Some companies view safety as a “check the box” kind of activity, believing that once they’ve addressed safety topics, they’ve done what they needed and can move on to other, presumably more important matters. But even if OSHA regulations didn’t stress the importance of ongoing safety programs, they provide a long list of benefits to companies and their workers.
Fewer Safety Incidents
It may seem obvious, but a primary objective of safety programs is to reduce the number of injuries to workers and damage to facilities and equipment. Injuries not only affect the employees who suffer them, but they have effects that spill over onto companies and coworkers, from lost productivity to direct and indirect financial costs. For example, if a worker is injured and needs to be transported to a medical facility by a supervisor, the tasks the worker would have performed and the supervisor’s jobsite responsibilities either go undone or have to be completed by other workers.
Studies have demonstrated that workers who feel safer on jobsites and who believe safety is a priority are more productive and tend to be happier.
In the current tight labor market, it’s easier than ever for workers to change jobs. When workers believe the company has a genuine interest in their well-being, they’re less likely to leave for another opportunity. That’s important, because not only is turnover frustrating, but it also carries hefty costs for finding and training replacement workers, as well as lost worktime and delays when jobs remain unfilled.
Lower Insurance Costs
Workers’ compensation coverage premiums are adjusted to reflect a company’s history of recordable incidents. A higher-than-normal rate of injuries and incidents leads to several years of significantly higher insurance premiums.
Following the Law
Workplace safety is more than a goal. According to state and federal safety regulations, companies are responsible for taking steps to protect the health and safety of workers. Strong safety cultures and programs assure compliance with regulation and reduce the potential for companies to face regulatory penalties or actions.
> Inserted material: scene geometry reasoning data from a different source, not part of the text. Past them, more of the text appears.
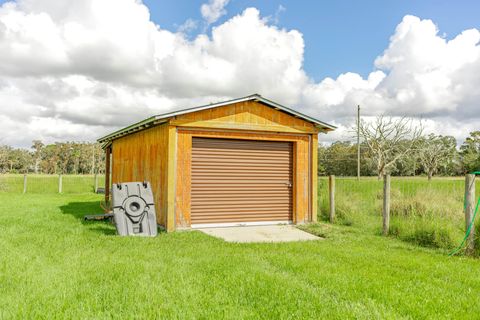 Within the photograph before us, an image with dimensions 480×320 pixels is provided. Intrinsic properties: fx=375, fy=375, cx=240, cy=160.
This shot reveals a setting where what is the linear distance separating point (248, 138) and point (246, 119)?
507 mm

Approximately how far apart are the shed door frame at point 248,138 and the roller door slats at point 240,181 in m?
0.21

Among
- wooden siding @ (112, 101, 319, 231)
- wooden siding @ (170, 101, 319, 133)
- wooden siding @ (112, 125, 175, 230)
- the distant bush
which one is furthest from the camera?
wooden siding @ (170, 101, 319, 133)

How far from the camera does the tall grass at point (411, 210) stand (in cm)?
772

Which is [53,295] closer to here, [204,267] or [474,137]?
[204,267]

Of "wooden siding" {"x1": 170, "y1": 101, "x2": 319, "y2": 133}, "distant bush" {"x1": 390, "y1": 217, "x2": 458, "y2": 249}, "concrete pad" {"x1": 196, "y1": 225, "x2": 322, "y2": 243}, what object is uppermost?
"wooden siding" {"x1": 170, "y1": 101, "x2": 319, "y2": 133}

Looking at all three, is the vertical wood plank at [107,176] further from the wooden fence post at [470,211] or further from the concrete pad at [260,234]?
the wooden fence post at [470,211]

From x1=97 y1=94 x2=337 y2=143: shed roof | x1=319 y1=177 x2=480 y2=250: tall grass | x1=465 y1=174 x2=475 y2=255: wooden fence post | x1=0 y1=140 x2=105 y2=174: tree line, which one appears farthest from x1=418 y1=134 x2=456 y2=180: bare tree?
x1=0 y1=140 x2=105 y2=174: tree line

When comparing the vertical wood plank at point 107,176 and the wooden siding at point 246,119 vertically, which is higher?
the wooden siding at point 246,119

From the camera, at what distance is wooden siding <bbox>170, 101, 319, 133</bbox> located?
30.3 feet

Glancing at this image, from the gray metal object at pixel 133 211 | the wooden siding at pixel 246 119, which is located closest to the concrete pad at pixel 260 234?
the gray metal object at pixel 133 211

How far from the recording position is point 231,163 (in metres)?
9.91

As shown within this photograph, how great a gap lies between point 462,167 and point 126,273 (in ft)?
208

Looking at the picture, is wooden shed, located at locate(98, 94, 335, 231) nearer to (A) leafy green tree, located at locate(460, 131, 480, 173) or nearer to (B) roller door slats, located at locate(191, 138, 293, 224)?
(B) roller door slats, located at locate(191, 138, 293, 224)

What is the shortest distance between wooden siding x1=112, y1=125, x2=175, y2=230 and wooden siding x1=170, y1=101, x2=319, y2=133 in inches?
30.2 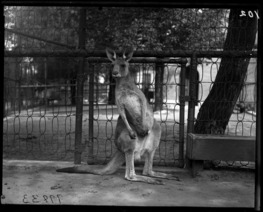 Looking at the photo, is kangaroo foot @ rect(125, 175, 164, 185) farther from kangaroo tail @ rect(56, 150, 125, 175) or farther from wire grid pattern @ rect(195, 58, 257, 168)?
wire grid pattern @ rect(195, 58, 257, 168)

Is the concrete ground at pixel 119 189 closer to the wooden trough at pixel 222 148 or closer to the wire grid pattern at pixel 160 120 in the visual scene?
the wooden trough at pixel 222 148

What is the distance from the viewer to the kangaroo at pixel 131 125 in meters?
4.98

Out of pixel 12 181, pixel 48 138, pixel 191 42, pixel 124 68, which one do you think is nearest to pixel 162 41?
pixel 191 42

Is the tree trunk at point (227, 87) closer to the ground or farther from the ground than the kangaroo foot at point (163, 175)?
farther from the ground

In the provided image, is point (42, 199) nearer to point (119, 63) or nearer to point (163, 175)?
point (163, 175)

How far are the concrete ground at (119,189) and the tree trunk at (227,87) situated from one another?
1.07 meters

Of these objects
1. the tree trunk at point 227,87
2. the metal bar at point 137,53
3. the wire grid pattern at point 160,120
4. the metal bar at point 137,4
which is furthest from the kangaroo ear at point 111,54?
the metal bar at point 137,4

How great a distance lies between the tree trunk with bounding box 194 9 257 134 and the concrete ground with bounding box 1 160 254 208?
1067mm

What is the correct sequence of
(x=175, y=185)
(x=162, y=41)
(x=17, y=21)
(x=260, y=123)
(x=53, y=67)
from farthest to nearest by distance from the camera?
(x=53, y=67), (x=162, y=41), (x=17, y=21), (x=175, y=185), (x=260, y=123)

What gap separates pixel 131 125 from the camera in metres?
5.11

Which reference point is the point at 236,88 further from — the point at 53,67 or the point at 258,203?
the point at 53,67

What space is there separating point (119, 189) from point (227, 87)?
293 cm

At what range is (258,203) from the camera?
9.52 ft

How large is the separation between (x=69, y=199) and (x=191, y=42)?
8281 millimetres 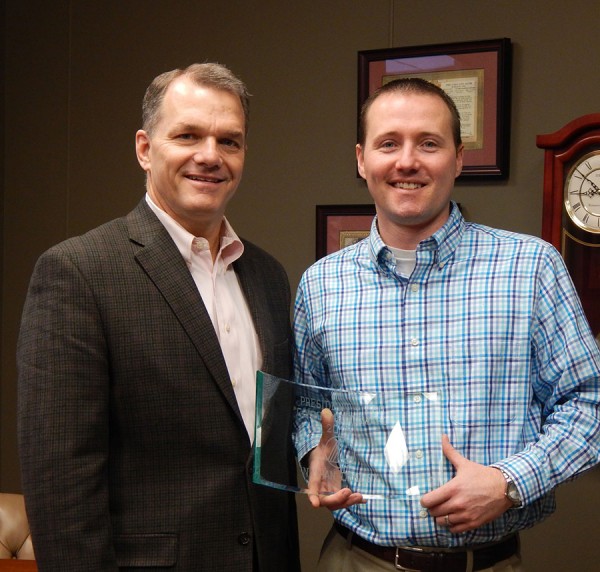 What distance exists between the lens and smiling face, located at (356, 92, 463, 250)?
1946 mm

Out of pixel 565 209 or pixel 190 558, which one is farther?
pixel 565 209

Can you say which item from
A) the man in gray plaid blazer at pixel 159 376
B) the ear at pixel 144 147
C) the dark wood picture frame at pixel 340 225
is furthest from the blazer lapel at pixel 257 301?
the dark wood picture frame at pixel 340 225

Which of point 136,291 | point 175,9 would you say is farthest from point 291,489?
point 175,9

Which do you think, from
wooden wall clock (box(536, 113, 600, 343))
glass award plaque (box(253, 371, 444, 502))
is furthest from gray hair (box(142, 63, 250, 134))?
wooden wall clock (box(536, 113, 600, 343))

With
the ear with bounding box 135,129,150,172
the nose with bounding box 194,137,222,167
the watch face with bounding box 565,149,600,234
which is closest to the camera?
the nose with bounding box 194,137,222,167

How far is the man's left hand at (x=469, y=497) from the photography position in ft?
5.65

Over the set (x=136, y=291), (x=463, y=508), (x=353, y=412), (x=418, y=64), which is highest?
(x=418, y=64)

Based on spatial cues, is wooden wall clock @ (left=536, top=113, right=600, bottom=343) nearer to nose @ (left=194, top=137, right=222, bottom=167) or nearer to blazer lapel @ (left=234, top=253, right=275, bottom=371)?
blazer lapel @ (left=234, top=253, right=275, bottom=371)

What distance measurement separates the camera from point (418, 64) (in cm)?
313

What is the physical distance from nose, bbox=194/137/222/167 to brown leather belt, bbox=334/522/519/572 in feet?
2.98

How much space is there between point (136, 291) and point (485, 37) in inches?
71.4

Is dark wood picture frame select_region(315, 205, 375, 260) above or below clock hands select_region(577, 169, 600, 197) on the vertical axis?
below

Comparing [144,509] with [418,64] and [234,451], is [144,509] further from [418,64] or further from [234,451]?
[418,64]

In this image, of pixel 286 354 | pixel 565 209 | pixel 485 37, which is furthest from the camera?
pixel 485 37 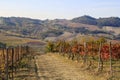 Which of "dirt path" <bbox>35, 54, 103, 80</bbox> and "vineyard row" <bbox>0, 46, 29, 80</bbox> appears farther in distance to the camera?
"dirt path" <bbox>35, 54, 103, 80</bbox>

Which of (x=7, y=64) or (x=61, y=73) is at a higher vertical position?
(x=7, y=64)

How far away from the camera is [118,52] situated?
36.3 meters

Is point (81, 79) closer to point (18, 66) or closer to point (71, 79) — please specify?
point (71, 79)

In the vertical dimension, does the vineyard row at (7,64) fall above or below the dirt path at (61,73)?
above

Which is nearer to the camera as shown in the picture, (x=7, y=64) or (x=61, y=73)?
(x=7, y=64)

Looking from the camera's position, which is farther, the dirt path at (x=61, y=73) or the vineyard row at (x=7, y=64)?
the dirt path at (x=61, y=73)

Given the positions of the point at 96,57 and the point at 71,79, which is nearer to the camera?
the point at 71,79

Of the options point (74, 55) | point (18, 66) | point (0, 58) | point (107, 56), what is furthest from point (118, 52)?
point (74, 55)

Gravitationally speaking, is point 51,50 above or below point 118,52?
below

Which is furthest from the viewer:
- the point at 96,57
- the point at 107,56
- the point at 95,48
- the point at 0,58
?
the point at 96,57

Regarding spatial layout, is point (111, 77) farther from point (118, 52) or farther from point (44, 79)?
point (118, 52)

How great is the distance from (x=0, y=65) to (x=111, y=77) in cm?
884

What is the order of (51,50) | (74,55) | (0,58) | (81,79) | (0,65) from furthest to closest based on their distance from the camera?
(51,50)
(74,55)
(0,58)
(0,65)
(81,79)

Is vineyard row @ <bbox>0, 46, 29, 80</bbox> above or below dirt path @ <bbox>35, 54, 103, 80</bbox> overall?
above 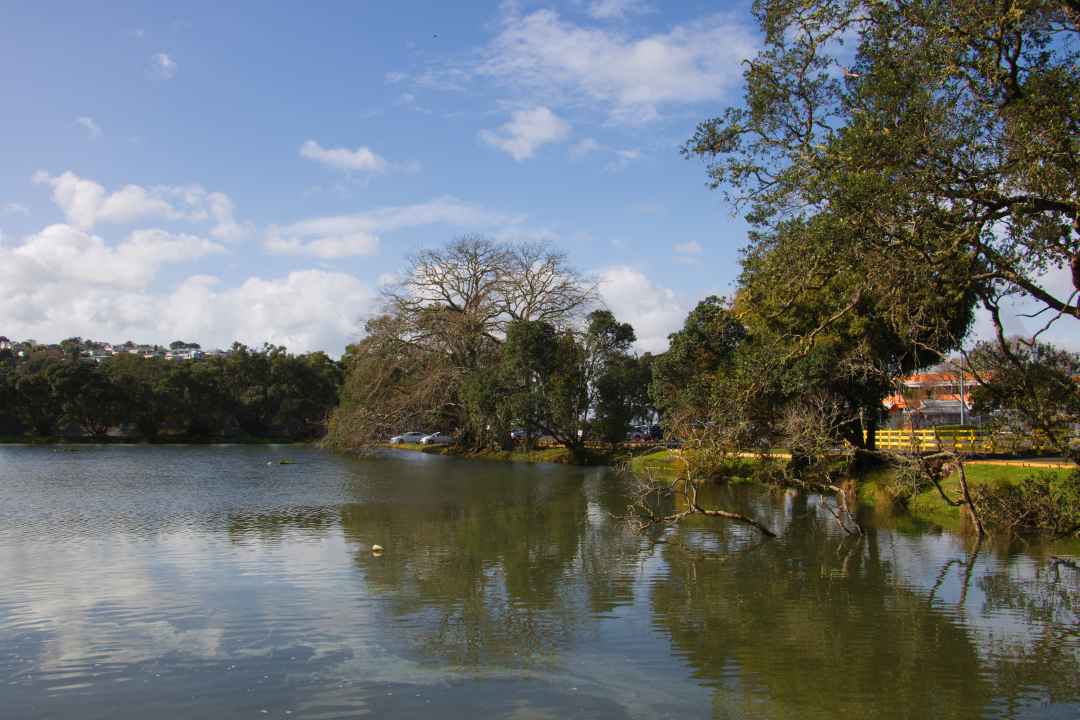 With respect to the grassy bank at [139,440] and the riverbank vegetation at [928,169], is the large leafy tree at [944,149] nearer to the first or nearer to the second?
the riverbank vegetation at [928,169]

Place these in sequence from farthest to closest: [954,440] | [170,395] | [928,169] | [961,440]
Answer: [170,395] < [961,440] < [954,440] < [928,169]

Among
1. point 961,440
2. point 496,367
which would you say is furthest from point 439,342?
point 961,440

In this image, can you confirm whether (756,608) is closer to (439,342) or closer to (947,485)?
(947,485)

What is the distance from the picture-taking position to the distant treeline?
69.2m

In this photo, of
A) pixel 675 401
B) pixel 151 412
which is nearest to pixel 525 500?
pixel 675 401

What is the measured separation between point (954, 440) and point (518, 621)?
14959 mm

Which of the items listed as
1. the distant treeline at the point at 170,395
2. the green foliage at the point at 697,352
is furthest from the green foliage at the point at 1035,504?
the distant treeline at the point at 170,395

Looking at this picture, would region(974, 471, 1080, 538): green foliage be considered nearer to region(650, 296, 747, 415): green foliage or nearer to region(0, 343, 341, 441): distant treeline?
region(650, 296, 747, 415): green foliage

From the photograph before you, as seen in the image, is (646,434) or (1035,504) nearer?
(1035,504)

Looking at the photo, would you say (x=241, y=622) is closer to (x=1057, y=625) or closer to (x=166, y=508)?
(x=1057, y=625)

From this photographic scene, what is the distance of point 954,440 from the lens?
22234 mm

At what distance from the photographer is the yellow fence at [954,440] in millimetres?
17484

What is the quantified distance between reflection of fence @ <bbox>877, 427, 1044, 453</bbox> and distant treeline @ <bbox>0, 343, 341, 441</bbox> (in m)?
43.8

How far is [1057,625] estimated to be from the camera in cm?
1230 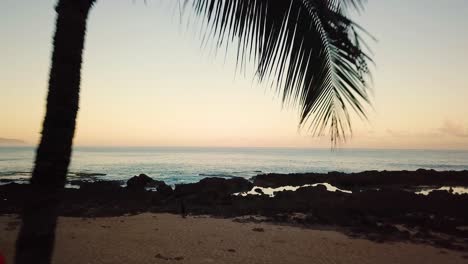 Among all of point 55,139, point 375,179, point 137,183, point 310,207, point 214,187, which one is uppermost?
point 55,139

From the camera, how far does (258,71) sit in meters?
2.37

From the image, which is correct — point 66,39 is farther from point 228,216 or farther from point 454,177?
point 454,177

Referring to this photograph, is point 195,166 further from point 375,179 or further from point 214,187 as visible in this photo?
point 214,187

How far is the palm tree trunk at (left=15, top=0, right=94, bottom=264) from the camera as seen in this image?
2.11 m

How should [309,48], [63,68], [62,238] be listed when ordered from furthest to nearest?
[62,238] < [309,48] < [63,68]

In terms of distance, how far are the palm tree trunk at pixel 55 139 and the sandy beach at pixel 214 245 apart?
25.3ft

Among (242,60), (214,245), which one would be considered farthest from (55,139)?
(214,245)

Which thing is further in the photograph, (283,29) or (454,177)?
(454,177)

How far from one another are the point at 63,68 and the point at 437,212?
19143mm

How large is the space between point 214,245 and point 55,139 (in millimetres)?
9538

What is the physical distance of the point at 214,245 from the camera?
11.2 meters

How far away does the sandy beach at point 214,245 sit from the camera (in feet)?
32.2

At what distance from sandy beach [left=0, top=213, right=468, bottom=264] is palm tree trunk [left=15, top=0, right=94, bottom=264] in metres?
7.71

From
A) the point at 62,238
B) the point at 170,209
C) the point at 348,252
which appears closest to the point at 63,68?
the point at 348,252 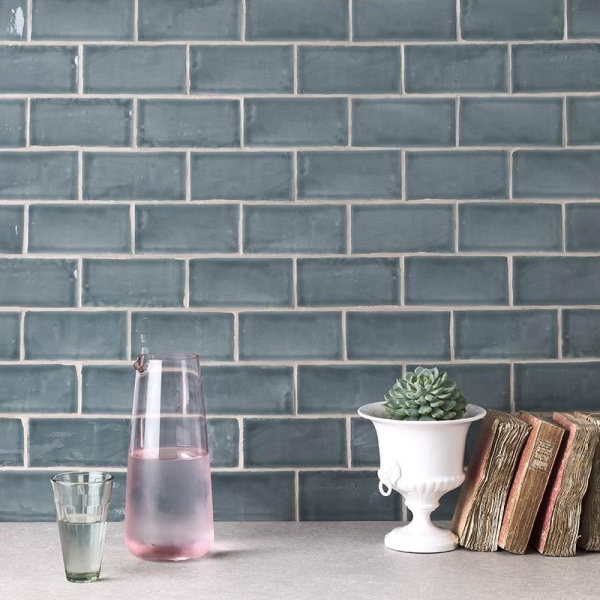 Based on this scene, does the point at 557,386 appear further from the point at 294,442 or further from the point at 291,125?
the point at 291,125

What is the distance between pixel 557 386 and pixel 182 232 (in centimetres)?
71

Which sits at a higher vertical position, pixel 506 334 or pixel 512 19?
pixel 512 19

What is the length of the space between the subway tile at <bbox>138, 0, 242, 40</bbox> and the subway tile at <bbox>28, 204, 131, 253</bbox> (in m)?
0.31

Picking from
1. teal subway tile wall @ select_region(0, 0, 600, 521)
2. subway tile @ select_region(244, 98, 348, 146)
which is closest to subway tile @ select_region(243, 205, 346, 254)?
teal subway tile wall @ select_region(0, 0, 600, 521)

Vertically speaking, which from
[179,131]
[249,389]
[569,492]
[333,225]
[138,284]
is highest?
[179,131]

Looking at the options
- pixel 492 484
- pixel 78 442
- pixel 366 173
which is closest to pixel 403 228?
pixel 366 173

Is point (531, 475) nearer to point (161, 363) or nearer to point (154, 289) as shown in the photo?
point (161, 363)

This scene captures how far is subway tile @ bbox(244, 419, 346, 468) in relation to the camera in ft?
4.86

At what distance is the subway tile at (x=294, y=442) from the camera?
58.3 inches

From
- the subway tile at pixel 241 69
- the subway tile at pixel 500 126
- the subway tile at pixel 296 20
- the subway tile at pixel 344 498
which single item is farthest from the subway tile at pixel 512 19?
the subway tile at pixel 344 498

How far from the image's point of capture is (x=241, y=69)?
148 centimetres

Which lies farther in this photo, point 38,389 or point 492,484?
point 38,389

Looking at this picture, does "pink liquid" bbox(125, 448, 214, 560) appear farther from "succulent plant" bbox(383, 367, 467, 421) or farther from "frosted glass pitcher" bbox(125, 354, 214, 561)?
"succulent plant" bbox(383, 367, 467, 421)

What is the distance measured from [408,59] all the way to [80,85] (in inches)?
22.6
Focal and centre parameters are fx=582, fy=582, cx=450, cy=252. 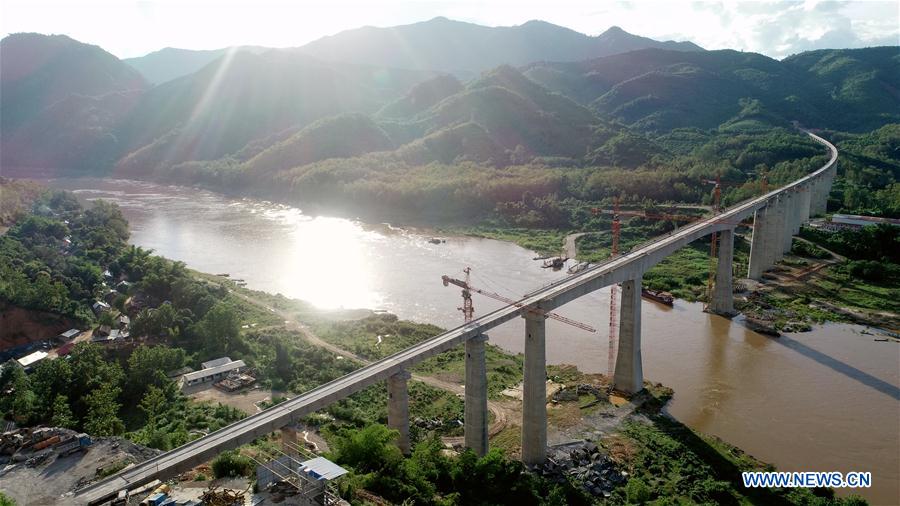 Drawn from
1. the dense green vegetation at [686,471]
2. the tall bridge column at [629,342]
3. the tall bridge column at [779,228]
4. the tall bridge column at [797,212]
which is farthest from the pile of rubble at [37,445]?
the tall bridge column at [797,212]

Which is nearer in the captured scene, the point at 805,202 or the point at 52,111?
the point at 805,202

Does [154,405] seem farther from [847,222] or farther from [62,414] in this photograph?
[847,222]

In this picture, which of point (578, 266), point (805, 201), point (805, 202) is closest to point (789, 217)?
point (805, 201)

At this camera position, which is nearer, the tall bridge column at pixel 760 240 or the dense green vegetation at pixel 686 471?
the dense green vegetation at pixel 686 471

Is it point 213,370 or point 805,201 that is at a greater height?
point 805,201

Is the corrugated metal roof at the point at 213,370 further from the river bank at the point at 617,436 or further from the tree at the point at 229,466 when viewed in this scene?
the tree at the point at 229,466

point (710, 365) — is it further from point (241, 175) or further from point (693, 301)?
point (241, 175)

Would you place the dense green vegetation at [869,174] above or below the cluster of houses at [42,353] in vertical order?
above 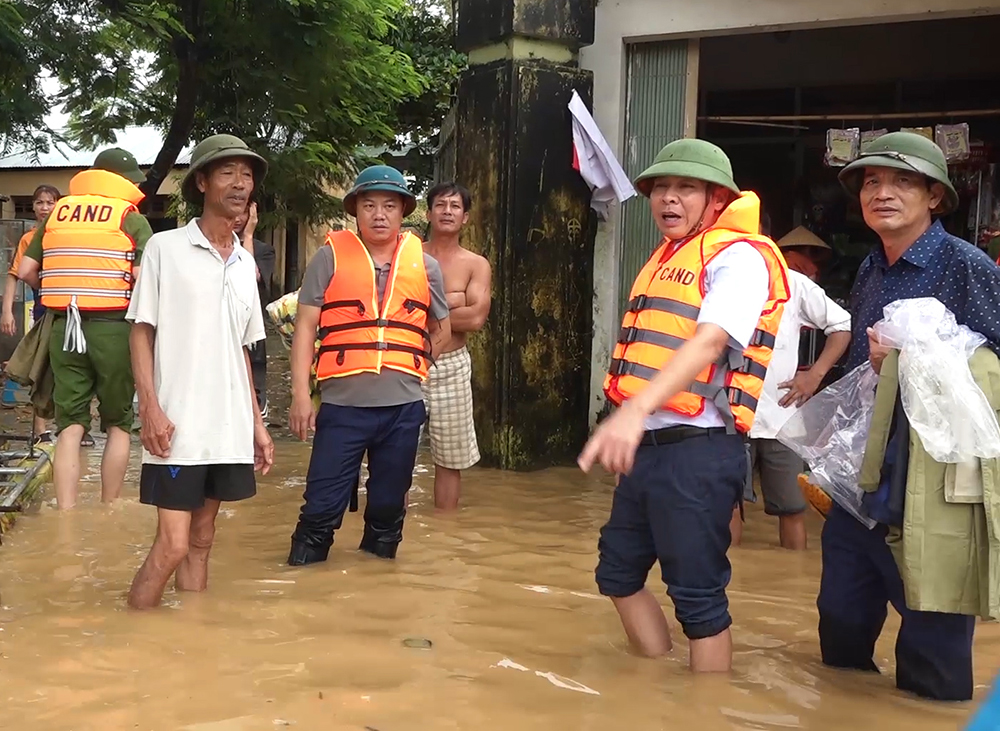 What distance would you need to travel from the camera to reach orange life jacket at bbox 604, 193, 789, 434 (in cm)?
340

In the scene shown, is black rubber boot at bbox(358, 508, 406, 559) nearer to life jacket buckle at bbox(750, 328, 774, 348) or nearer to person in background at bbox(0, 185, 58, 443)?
life jacket buckle at bbox(750, 328, 774, 348)

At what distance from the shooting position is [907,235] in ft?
11.5

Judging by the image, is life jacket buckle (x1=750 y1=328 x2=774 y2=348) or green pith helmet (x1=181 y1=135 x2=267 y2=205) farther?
green pith helmet (x1=181 y1=135 x2=267 y2=205)

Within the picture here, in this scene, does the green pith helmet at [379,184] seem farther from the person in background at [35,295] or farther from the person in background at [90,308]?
the person in background at [35,295]

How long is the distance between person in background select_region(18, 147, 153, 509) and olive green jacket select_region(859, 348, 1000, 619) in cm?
409

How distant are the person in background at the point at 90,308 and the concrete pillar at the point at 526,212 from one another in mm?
2591

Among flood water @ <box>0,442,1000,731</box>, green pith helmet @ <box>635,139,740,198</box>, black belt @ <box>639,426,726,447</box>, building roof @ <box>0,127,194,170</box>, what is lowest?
flood water @ <box>0,442,1000,731</box>

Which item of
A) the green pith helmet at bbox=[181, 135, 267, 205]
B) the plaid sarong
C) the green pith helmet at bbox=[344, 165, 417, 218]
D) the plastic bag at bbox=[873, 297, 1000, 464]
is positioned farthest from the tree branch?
the plastic bag at bbox=[873, 297, 1000, 464]

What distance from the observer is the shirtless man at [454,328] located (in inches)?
238

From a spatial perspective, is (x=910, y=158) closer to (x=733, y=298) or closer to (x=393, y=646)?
(x=733, y=298)

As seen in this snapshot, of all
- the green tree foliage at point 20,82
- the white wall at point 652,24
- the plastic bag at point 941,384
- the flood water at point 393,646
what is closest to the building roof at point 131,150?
the green tree foliage at point 20,82

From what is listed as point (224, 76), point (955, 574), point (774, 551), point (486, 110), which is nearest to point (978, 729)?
point (955, 574)

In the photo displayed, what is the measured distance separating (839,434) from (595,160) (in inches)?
170

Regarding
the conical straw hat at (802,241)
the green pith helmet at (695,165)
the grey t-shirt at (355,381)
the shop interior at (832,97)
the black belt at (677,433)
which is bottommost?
the black belt at (677,433) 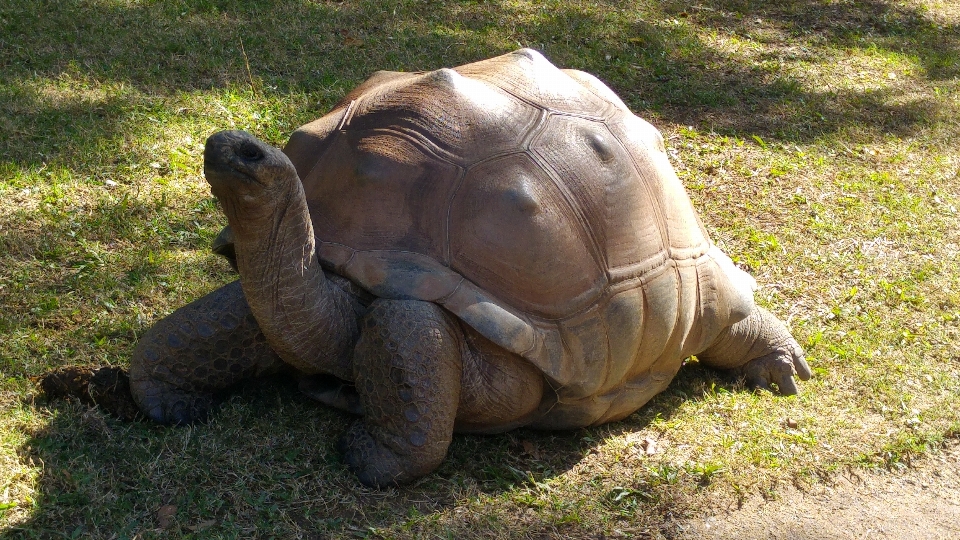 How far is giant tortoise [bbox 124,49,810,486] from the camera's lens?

When safety becomes a normal part of every day, workers become more accustomed to thinking about it, such as considering the safety aspects of every task they perform.
No matter how effectively you train people, what we learn gradually slips away. Making training an ongoing process improves retention by repeating important concepts and reminding workers of safer practices.
Some tasks and positions require workers to earn and maintain certifications or licenses. Often, ongoing training on safety and other issues is part of what’s needed to keep the certification or license up-to-date.
Projects and Tasks Change
For most organizations, the nature of both projects and the specific tasks they entail is ever-changing. As workers take on new tasks or find themselves in different work environments, it’s important to revisit safety issues to ensure they know how to handle those situations in the best ways.
The World Changes
Regulations and technology are also ever-changing, and an ongoing program ensures workers have the up-to-date knowledge they need to protect themselves and their co-workers.
For most companies, monitoring focuses on what are known as lagging indicators, essentially tracking things that have already happened, such as injuries or lost workdays. While these are important metrics, they offer little insight into the likelihood workers will continue to work safely in the future.
That’s why savvy companies also monitor what is known as leading indicators. Such indicators can be used to predict what’s likely to happen. Examples of leading indicators include factors such as the number of safety inspections, how often safety training is conducted, and how visible site and company leadership’s support for safe behaviors is to workers. Tracking both types of indicators gives companies a clearer picture of the company’s safety culture.
Ideally, the goal of safety communication is to ensure workers will instinctively know what to do when presented with a safety-related situation. Whether it’s recognizing a hazard in the way a task is set up or responding to a situation such as a worker suspended from a fall harness, you want to be certain workers know exactly what they need to do to prevent injuries and incidents.
When workers are empowered, they develop a strong sense of ownership and accountability for the safety of those around them. They won’t hesitate to act or speak up when they see a situation that requires attention. Workers will look out for each other and accept suggestions about their own work practices respectfully, not resentfully.
They’ll take pride when you share metrics confirming improved safety performance.
Ongoing safety programs create a culture and environment in which workers perform their tasks safely and efficiently, with confidence and high productivity. Companies that are able to create cultures like these are more likely to succeed in the ever-more-competitive marketplace and will have less trouble attracting high-quality employees.